(Data extracted from a collection)
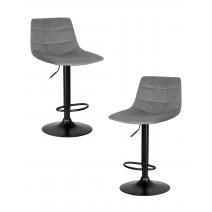  Набор 2 шт Стул барный DOBRIN TAILOR BLACK, серый велюр (MJ9-75), фото 1 
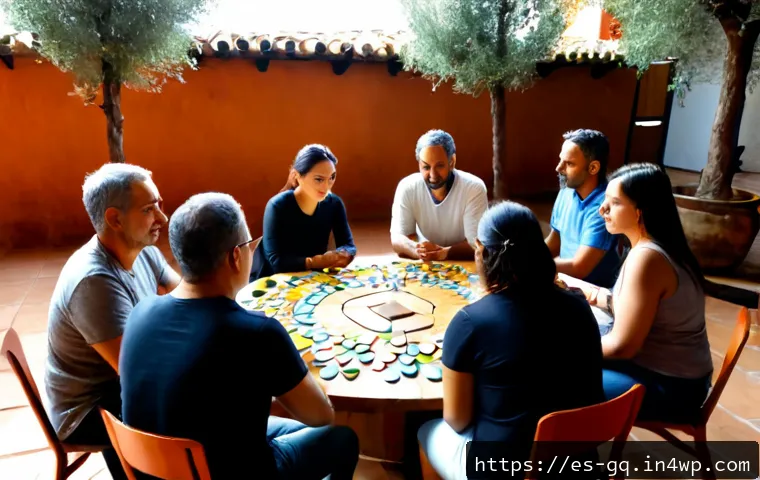 Home 17 의식적 선택 훈련 과정의 커뮤니티 빌딩 - Photorealistic community workshop in a sunlit Spanish neighborhood cultural center, diverse adult pa...
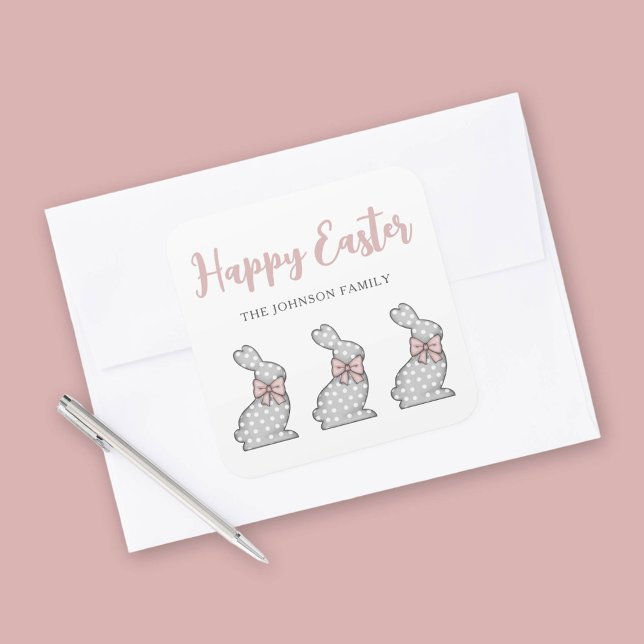 Cute Pink Bunny Happy Easter  Square Sticker (Cute Pink Bunny Happy Easter Square Sticker)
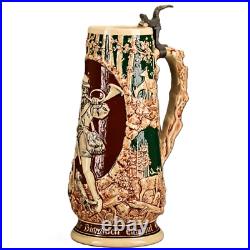 Antique Original Vintage Signed German Ceramic Glazed Figural Hunting Beer Stein Antique Original Vintage Signed German Ceramic Glazed Figural Hunting Beer Stein
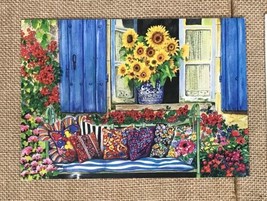 Sunrise Inc Eleanor Lane Sunflowers And Pillows Greeting Card Fall Autumn Rustic - $6.93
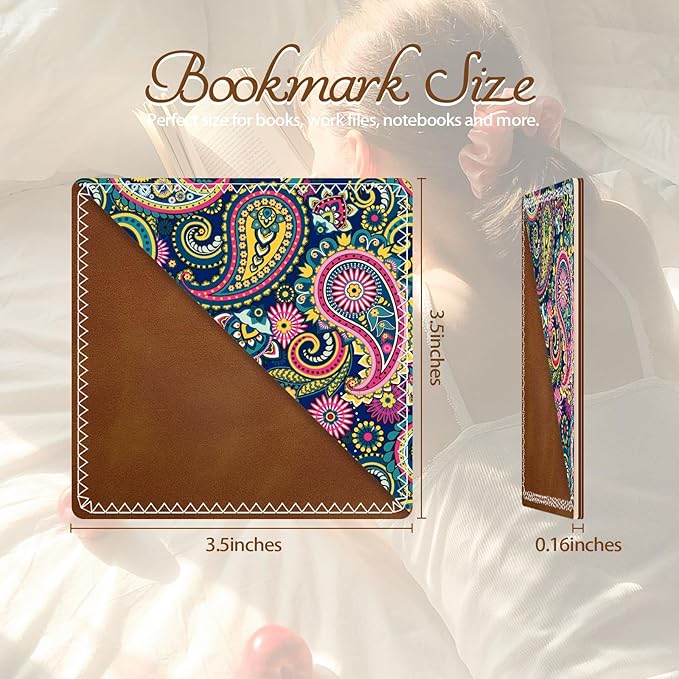 Personalized Leather Bookmarks, Fun & Cute Book Accessories for Reading Lovers, Unbreakable Page Markers for Women Men Girls Boys Student Teacher Kids Retirement Birthday Gifts (Colorful Swirl)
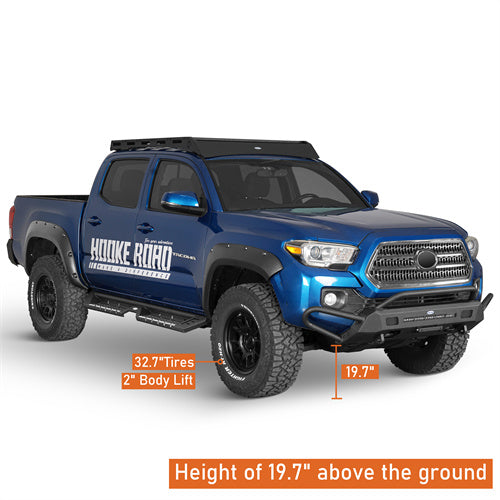 Load image into Gallery viewer, Hooke Road 2016-2023 3rd Gen Tacoma Front Bumper w/ Side Tube Guard b4229s 6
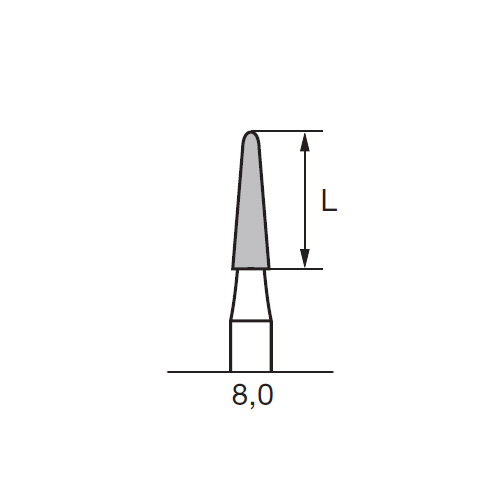 Бор твердосплавный CC 138 TX, конус закругленный, D=2.3 мм, L=8.0 мм, HP, фиолетовый - фото 1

### Problem description
Take the entries above and set them down exactly, minus the pictures.

### Your response
  Набор 2 шт Стул барный DOBRIN TAILOR BLACK, серый велюр (MJ9-75), фото 1 
 Home 17 의식적 선택 훈련 과정의 커뮤니티 빌딩 - Photorealistic community workshop in a sunlit Spanish neighborhood cultural center, diverse adult pa...
 Cute Pink Bunny Happy Easter  Square Sticker (Cute Pink Bunny Happy Easter Square Sticker)
 Antique Original Vintage Signed German Ceramic Glazed Figural Hunting Beer Stein Antique Original Vintage Signed German Ceramic Glazed Figural Hunting Beer Stein
 Sunrise Inc Eleanor Lane Sunflowers And Pillows Greeting Card Fall Autumn Rustic - $6.93
 Personalized Leather Bookmarks, Fun & Cute Book Accessories for Reading Lovers, Unbreakable Page Markers for Women Men Girls Boys Student Teacher Kids Retirement Birthday Gifts (Colorful Swirl)
 Load image into Gallery viewer, Hooke Road 2016-2023 3rd Gen Tacoma Front Bumper w/ Side Tube Guard b4229s 6
 Бор твердосплавный CC 138 TX, конус закругленный, D=2.3 мм, L=8.0 мм, HP, фиолетовый - фото 1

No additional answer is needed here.